Como também tenho dito desde a primeira hora, o Presidente da Câmara não é o único agente capaz de dinamizar o concelho, - temos de ser todos, cada um no seu lugar, com energia e determinação a estimular e a fazer-fazer!
No combate político, franco e aberto, saudável e dinâmico é que deve assentar a nossa missão, sem medo e sem receio. Há muita coisa para fazer, muito para mudar no concelho e não nos podemos resignar, sob pena do comodismo e do marasmo se apoderarem de todos nós.
Precisamos de uma sociedade activa e uma cidadania viva, capaz de dar fôlego e sentido á vida local, seja no plano individual, seja no colectivo.
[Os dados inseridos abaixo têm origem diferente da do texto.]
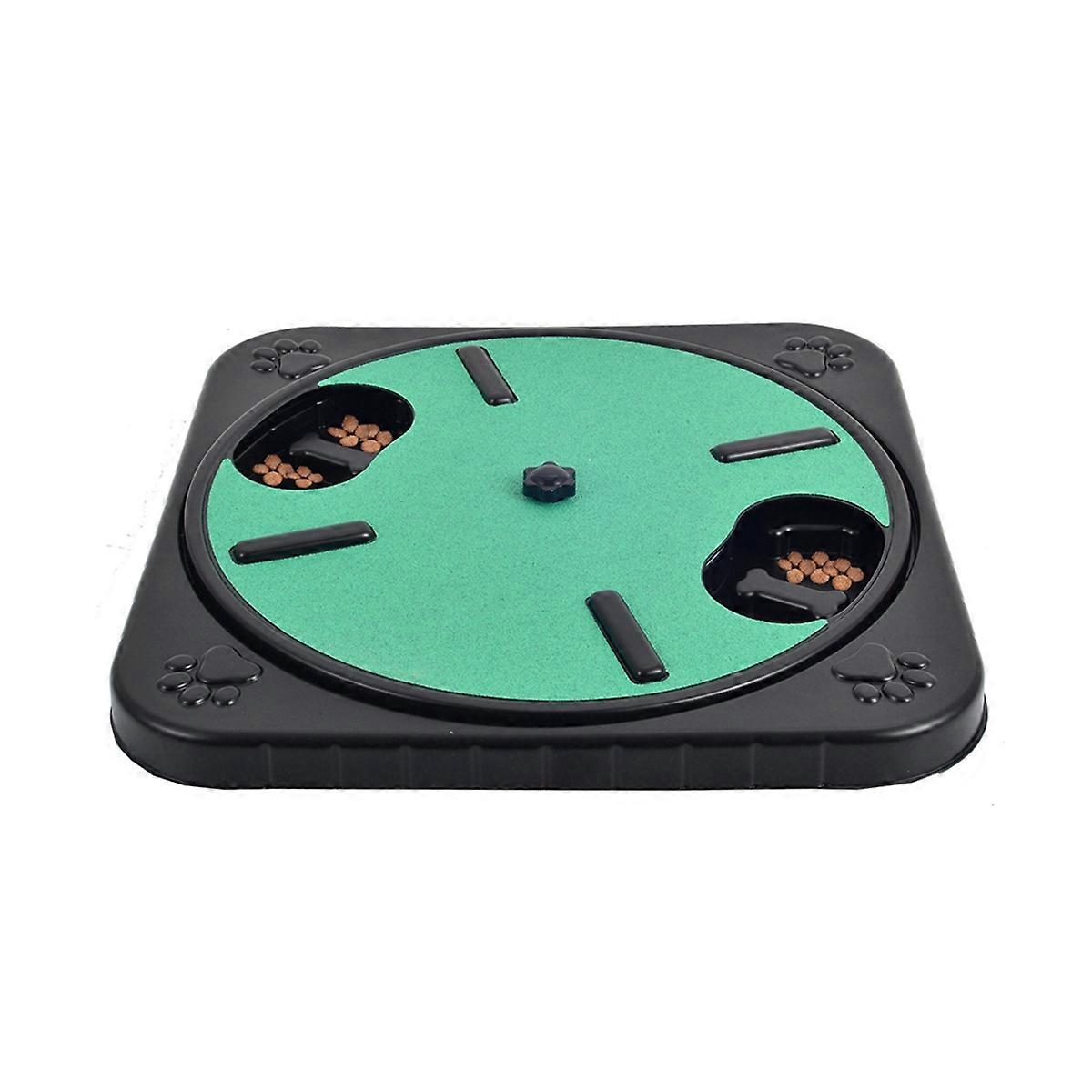 Dog Scratch Pad For Nails Dog Scratch Board Snack Compartments Green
Apoiar o que deve ser apoiado, criticar o que deve ser criticado e corrigir o que deve ser corrigido.
E como também digo desde o primeiro dia, discordar não é necessariamente dizer mal ou estar de má fé. Precisamos de saber lidar melhor com esta coisa da democracia e particularmente com sistemas de lideranças fortes, para que fortes sejam as ondas do progresso.
Seia não pode parar!
Seia tem sido pioneira em muita coisa, e precisamos de manter o concelho permanentemente na dianteira. Como tenho aprendido ao longo dos anos com o próprio Presidente Eduardo Brito, todos os dias temos de ser criativos, dinâmicos e eficazes na acção prática.
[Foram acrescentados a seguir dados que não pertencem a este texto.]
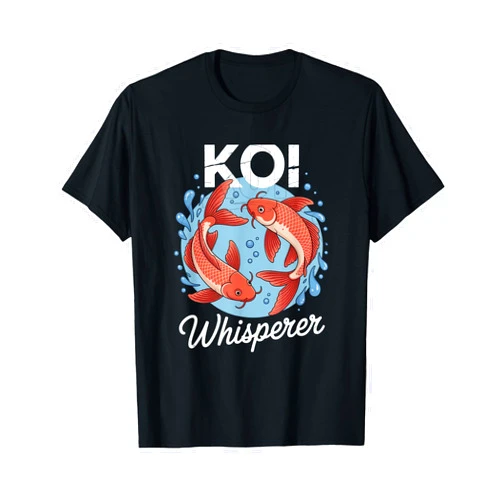 Cute Japanese Sea Animal Pet Love Carp Designs Koi Fish Men Women Cool Koi Whisperer design T-Shirt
Esta coisa do desenvolvimento apela-nos todos os dias ao desassossego. Mas não nos deve tirar o sono!
Há muito que os sinais de desmoralização colectiva estão presentes no quotidiano português e Seia não foge á regra. E são antigas as causas que minaram a confiança entre representados e representantes, entre eleitores e eleitos. E não se trata só do mérito e demérito das governações locais ou nacionais, é algo mais sério.
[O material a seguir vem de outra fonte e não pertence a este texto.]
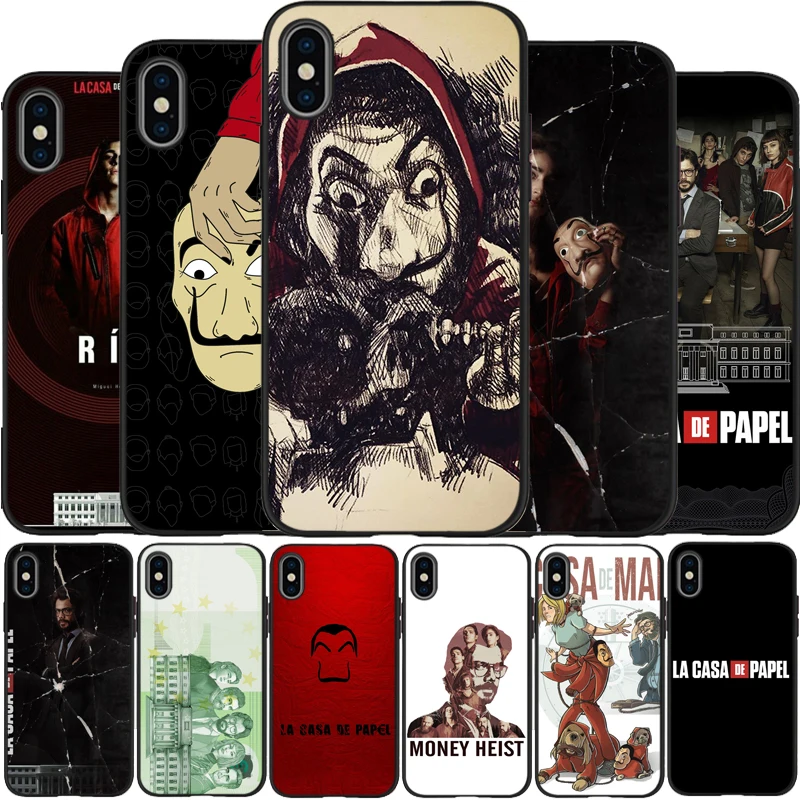 ТВ бумага дом денежный ящик крышка Мягкий силиконовый черный чехол для телефона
É por ventura um nó cego de sentimentos e incertezas, algo que tem a ver com o estado da nossa democracia e com a dimensão moral da representatividade, uma dimensão que os representantes por vezes parecem ignorar.
Mas não venho aqui pregar moralidades políticas, pretendo tão somente, como faço desde o primeiro dia, estimular o debate e desassossegar os eventuais acomodados. E nesse contexto, há sempre muito para contar, muito para reivindicar e apontar, mas julgo que em termos de grandes opções e desígnios para o concelho, não podemos sair destas duas grandes prioridades – Vias de comunicação e Emprego.
E é por aí que vamos e é por aí que temos de seguir, persistentemente.